Bibir Melia bergetar. “Gabriel... apakah kau yakin? Aku bukan orang yang sempurna. Hatiku... masih belajar untuk sembuh.”
Gabriel tersenyum lembut. “Aku yakin, Melia. Aku tidak akan memaksamu untuk langsung mencintaiku. Aku hanya ingin ada di sisimu dan memberimu kebahagiaan yang pantas kau dapatkan. Aku akan menunggumu sampai kau siap.”
Kata-kata itu mengguncang hati Melia. Perlahan, ia merasa hangat menjalar di seluruh tubuhnya. Gabriel tidak memaksanya, tidak menuntut apa pun. Pria itu hanya menawarkan ketulusan.
Melia mengangkat wajahnya dan tersenyum tipis, meski matanya berkaca-kaca. “Baiklah, Gabriel... aku menerimanya.”
Gabriel tampak terkejut sesaat, namun senyumnya segera melebar. Ia mengambil cincin itu dan dengan lembut menyematkannya di jari manis Melia. Baskara, yang dari tadi menahan diri, langsung bertepuk tangan pelan.
“Selamat, Tuan Gabriel! Selamat, Nona Melia!” ujar Baskara dengan senyum lebar.
Ny. Anderson dan Tn. Anderson tampak bahagia. Sang ibu bahkan memeluk Melia dengan penuh haru. “Kau tidak akan menyesali ini, sayang. Gabriel adalah pria baik yang akan menjagamu.”
Melia hanya bisa mengangguk. Sebuah senyum lembut terukir di wajahnya meski hatinya masih diliputi berbagai perasaan.
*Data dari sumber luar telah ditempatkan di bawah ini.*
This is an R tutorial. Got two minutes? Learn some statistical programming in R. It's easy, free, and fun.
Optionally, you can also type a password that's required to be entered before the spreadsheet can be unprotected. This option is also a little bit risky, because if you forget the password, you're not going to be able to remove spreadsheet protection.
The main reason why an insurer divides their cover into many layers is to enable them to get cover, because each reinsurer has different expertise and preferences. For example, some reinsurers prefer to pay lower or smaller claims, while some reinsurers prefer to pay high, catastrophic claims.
Arvin Mulai Merasa Ada yang Hilang
Sementara itu, di kota N, Arvin duduk di ruang tengah apartemen yang sunyi. Sekali lagi, ia menatap foto dirinya dan Melia yang terpajang di dinding. Tiba-tiba, ia merasa apartemen itu terlalu besar, terlalu kosong tanpa keberadaan Melia.
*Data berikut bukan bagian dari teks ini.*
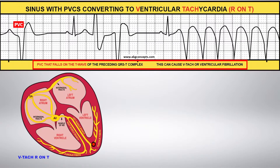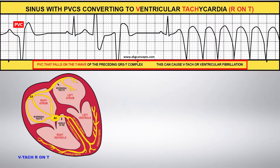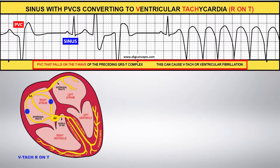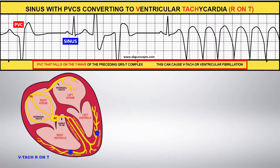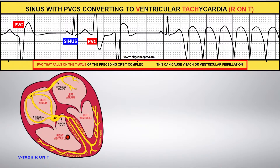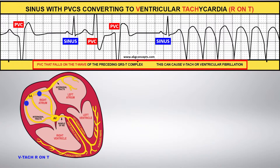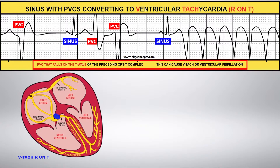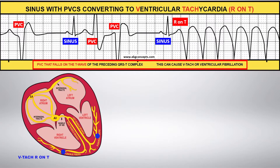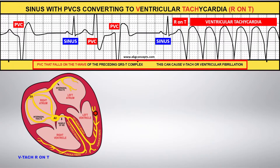This example shows a PVC, followed by a sinus, followed by another PVC, and another PVC, followed by a sinus, then the R on T moving into ventricular tachycardia.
Ponselnya berdering, membuatnya tersentak. Keyla menelepon. Dengan malas, Arvin mengangkat panggilan itu.
“Ya, Keyla. Ada apa?” tanyanya dengan nada datar.
“Pak, Anda terlihat lelah. Mungkin kita perlu ngobrol sambil minum kopi? Saya khawatir Anda terlalu stres memikirkan Melia,” ujar Keyla dengan suara manisnya.
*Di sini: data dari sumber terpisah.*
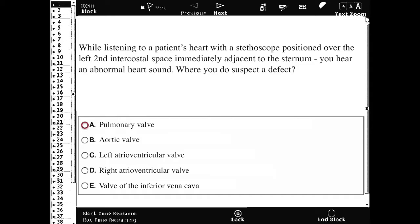The pulmonary valve — this is part of auscultation, along with lungs and heart. We're wanting to think of the auscultation sites.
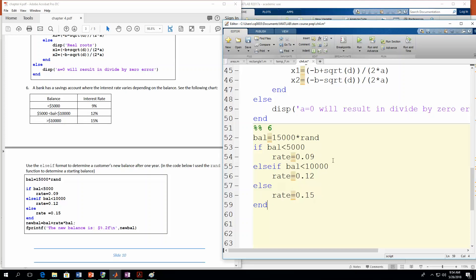So we have our three different paths we could choose. So if our balance is less than 5,000, we get 9%. If it's less than 10,000, but greater than 5,000, because we already checked this here to see if it was less than 5,000, then the rate will be 12%. Otherwise, we're going to have 15%. So this else part here, this is what you get if nothing else above that was found to be true.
Arvin menggeleng pelan, meski Keyla tak bisa melihatnya. “Aku lagi nggak mood, Keyla.”
“Baiklah, Pak. Tapi kalau butuh teman bicara, saya selalu siap,” ucap Keyla sebelum menutup telepon.
Arvin meletakkan ponselnya dan kembali tenggelam dalam pikirannya. Entah kenapa, kali ini ia benar-benar merasa kehilangan. Semua hal kecil yang dulu ia abaikan dari Melia kini terasa begitu berarti.
“Apa yang aku lakukan?” gumam Arvin, tatapannya kosong.
Di rumah keluarga Anderson, malam harinya digelar makan malam sederhana bersama keluarga Gabriel dan keluarga Melia. Kedua keluarga tampak bahagia dengan keputusan tersebut. Gabriel duduk di samping Melia, sesekali mengajaknya bicara ringan untuk membuatnya lebih nyaman.
“Melia, mulai sekarang aku akan ada untukmu,” ucap Gabriel dengan suara lembut. “Apa pun yang kau butuhkan, aku akan jadi orang pertama yang kau cari.”
Melia memandangnya dan mengangguk kecil. Untuk pertama kalinya dalam beberapa minggu, ia merasa sedikit lega. Meski hatinya masih berproses untuk sembuh, kehadiran Gabriel seperti cahaya yang memberi harapan baru.